Chodzi oczywiście o opisywaną przez Prawo.pl sprawę wynagrodzeń, tym razem na 2023 r., sędziów i prokuratorów, a także np. referendarzy, których płace są powiązane z wynagrodzeniami sędziów.

W przyjętej przez Sejmie ustawie okołobudżetowej zaproponowano ustalenie podstawy do ich wyliczenia  - dla sędziów i prokuratorów - na poziomie 5 444,42 zł. Tymczasem to jak wynagrodzenie w tych grupach zawodowych mają być wyliczane regulują ustawy - Prawo o ustroju sądów powszechnych i Prawo o prokuraturze.
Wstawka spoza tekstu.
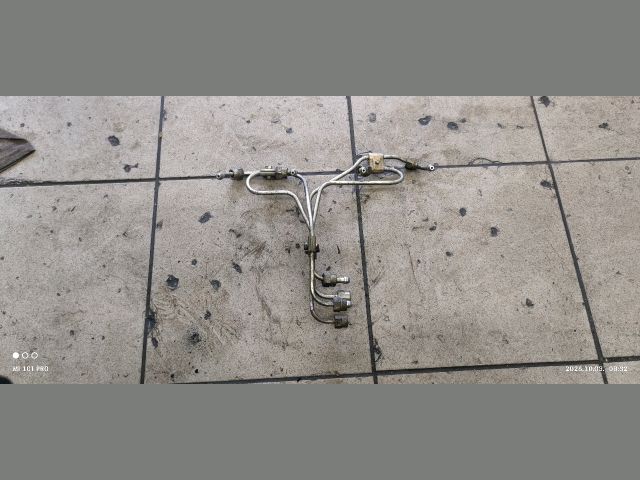 bontott MITSUBISHI L 200 Nyomócső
Przypomnijmy w jednym i drugim przypadku podstawą ustalenia wynagrodzenia zasadniczego ma być przeciętne wynagrodzenie w drugim kwartale roku poprzedniego, ogłaszane w Dzienniku Urzędowym Rzeczypospolitej Polskiej „Monitor Polski” przez Prezesa Głównego Urzędu Statystycznego na podstawie art. 20 pkt 2 ustawy z 17 grudnia 1998 r. o emeryturach i rentach z Funduszu Ubezpieczeń Społecznych. Czyli powinno to być 6156,245 zł.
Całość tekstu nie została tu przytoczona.